Aliyah: Behind The Scenes Part 2
We rounded up our kids, our bags, then our kids again, and staggered down that path to the terminal, the one with hundreds of cheering Israelis, friends, relatives and reporters. Everyone was laughing, crying, dancing. A band played; a shofar blew. We hugged everyone in sight.
Through the confusion and fatigue, we tried to look solemn as Prime Minister Netanyahu greeted us. Here we are: the newest generation of olim– the future of Israel. In truth, most of the future of Israel was squirming on my lap and summersaulting down the baggage claim belt. I hope Bibi didn’t notice.
A sign welcoming us to Ramat Beit Shemesh told me we’re home. The place is half the size of our previous home. We’ll have to squeeze past each other in the master bedroom, I noted. Time to lose some weight.
So we set up our bank accounts, got our Israeli ID cards, bought a car, arranged for health insurance, got the kids into school. We waited for our lift, day after day, week after week. And just when we’d concluded that those guys with the van were pirates, the lift arrived.
People ask me, “What are the biggest challenges of aliyah?” Well, our timing was perfect. We were just wading into Israeli life when the Pillar of Defense rose. Oddly enough, the conflict didn’t faze us. All the reporters I spoke with made sure to caution that we were moving to a war zone. In fact, during previous Israeli wars, I always had the inkling that I belong with my people, with the Jews in Israel, rather than sitting it out securely in NY. So now we’re here, and living here feels so purposeful that the dangers are just part of the landscape.
But I confess that I do have challenges, and most of them sound silly. I thought I was ready for Israeli life. But I hadn’t counted on air conditioners that flood our home; feeling desperately clueless at the supermarket; for a stove with attitude that sorta cooks on three burners, when it wants to; for undecipherable Hebrew notes from my kids’ teachers telling me that my little angel is a star student, or was it that he flew paper airplanes during math?
Then there’s the culture shock. We so want each of our children to grow up as a “mensch,” a polite, gracious person. But there are few social niceties in a country that’s always fighting for its life. They must learn to shove.

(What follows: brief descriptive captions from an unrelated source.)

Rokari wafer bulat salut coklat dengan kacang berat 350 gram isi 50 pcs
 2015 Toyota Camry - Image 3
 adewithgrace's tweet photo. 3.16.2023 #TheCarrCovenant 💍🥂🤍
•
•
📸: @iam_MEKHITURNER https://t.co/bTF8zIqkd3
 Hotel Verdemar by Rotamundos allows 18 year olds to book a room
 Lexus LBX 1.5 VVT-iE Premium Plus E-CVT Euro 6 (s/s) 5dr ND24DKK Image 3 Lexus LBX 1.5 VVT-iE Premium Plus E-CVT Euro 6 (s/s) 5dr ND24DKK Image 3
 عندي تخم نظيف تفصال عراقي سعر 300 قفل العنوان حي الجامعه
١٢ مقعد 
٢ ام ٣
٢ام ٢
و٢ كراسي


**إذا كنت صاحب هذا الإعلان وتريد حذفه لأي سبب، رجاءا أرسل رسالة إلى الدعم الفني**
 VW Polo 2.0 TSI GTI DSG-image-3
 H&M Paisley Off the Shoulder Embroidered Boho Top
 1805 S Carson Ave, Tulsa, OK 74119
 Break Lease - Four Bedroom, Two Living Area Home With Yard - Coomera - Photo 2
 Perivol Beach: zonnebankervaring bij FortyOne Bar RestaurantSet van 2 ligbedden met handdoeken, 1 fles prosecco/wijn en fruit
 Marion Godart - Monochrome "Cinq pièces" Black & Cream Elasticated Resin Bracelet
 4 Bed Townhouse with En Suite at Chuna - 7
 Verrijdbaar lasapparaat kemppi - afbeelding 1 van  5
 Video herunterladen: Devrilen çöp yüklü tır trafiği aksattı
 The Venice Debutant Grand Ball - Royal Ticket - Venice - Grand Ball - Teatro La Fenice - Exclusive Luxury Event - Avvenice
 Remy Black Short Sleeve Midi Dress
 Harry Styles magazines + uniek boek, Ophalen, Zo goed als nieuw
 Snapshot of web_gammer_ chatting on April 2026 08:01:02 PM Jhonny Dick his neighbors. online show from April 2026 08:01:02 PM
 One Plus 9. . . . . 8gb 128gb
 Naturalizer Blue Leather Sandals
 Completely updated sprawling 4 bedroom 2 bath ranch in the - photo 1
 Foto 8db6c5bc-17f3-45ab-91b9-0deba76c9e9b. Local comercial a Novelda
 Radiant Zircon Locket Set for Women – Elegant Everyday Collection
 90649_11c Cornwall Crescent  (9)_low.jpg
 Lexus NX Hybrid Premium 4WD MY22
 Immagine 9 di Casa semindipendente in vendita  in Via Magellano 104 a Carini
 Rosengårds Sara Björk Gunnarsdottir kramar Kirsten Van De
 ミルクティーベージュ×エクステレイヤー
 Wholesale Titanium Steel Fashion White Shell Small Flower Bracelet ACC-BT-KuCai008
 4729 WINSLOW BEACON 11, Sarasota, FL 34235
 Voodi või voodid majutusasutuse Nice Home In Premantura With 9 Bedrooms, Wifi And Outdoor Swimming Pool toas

Yet I know in my gut that moving to Israel was a sane decision, and the reason is quite simple: I am a Jew. Israel is the homeland of the Jewish people, and I wanted to go home. For Hubby and me, aliyah was inevitable: the pull to our land and our people was intrinsic, spiritual, and undeniable.
The kids have noticed that tears come to my eyes at inexplicable moments. “Mommy’s happy, that’s why she’s crying again,” they tell each other, though they don’t quite get it. What makes me cry? The warm glow of Jerusalem stone at dusk; my kids sputtering in Hebrew with nascent Israeli accents; the boyish, valiant look of our soldiers as they come home on leave. And most of all, the stupendous view from my apartment windows – the mountains, the valleys, the roads of my land.
In our finale video you will see Hubby and me take our children to the Kotel in the Old City of Jerusalem – the last remnant of the Western Wall that surrounded the Temple Mount during Holy Temple times. Within Temple walls, generations of Jews daily renewed their connection to the Divine. For hundreds of years, the entire population, thousands upon thousands of Israelites, would trek to this spot every Sukkot, Pesach and Shavuot.
So we’re bringing our kids to this holiest of sites, connecting them to our heritage in so many ways. Exiled from this magnificent land for more than 2,000 years, our people have come home, we tell them, and we are part of that return. They seem to understand.
I hope you savored the sights and sounds of this wonderful place with us. You could say that now our “Joy of Aliyah” series is over, the adventure has ended.
But something tells me it’s just the beginning.